Question: How much more funding do you think the Home Office needs to beef up policing to deal with this terrorist threat?

Oliver Letwin: That's something that the government is in a much better position to tell than we are. We have restricted ourselves to pointing out the nature of the threat, just how grave we believe it is, and urging the government to review, which I believe it is doing, very urgently the extent to which additional resources can sensibly and quickly be deployed. I fear that there are limits on the speed with which changes can be made and more resources can be used. But there's no doubt that the nature of the threat has changed and that some of the things that we had previously imagined to be mere fantasies are now, if not likely, nevertheless are possible. And we certainly need to look again at our whole apparatus that is protecting us against terrorism and ask is it adequate to deal with the current threat.

Question: Do you think this knocks out the talk of tax cuts for all political parties? The issue here will have to be spending more to protect ourselves rather than making room for tax cuts?

Oliver Letwin: The total spending of the UK on these activities is the order of £300 million, which is less than one-thousandth of the total UK government budget. I don't think that the sums of money that we're talking about here have any impact on physical equations, but they may have a huge impact on our security.

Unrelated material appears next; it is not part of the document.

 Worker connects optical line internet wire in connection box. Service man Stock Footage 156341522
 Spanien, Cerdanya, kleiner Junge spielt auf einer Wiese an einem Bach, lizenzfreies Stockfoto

Question: And so tax cuts can still be a possibility?

Oliver Letwin: I don't think it is likely that our present government will be moving towards tax cuts- as I understand their policies, it is far more likely that they will be engaging in tax increases. But I do not think that the thoughts of change that may be required - the thoughts of enhancement in resources that may be required to meet the new threat adequately and our intelligence and other security services, will have any impact on the extent of any tax rises we can expect to see under the government.

Question: September 11 has changed people's concept of government. People have looked to government to be there to protect them and to boost the economy. George Bush has been spending a great deal to boost the economy. Have you been reappraising the Conservatives' view of small government?

Oliver Letwin: The prime duty above all others of a government is, has, and always will be, to protect public safety. That is the first reason that governments were formed by our ancestors. And the modern debate about the size and scope of government, the extent of its interference and regulation of industry, the extent to which various public services are entirely in the public sector or have added to them private sector activities, all of these very interesting, very important questions, come after a government, a regime has established its ability to provide for the safety of its citizens and their liberty. That is the prime role. So the debates about small or large government, about socialism versus free marketers are secondary by comparison with what we are now dealing with. And that is one of the reasons why a Conservative opposition and a Labour government come together in defence of our free society. We will scrutinise what the government is up to. We will look at every last detail of what they propose legislatively, but we are fundamentally with them in seeking to promote public safety because that is the agreed need - agreed between people of quite differing views - of how you conduct affairs once you've established public safety.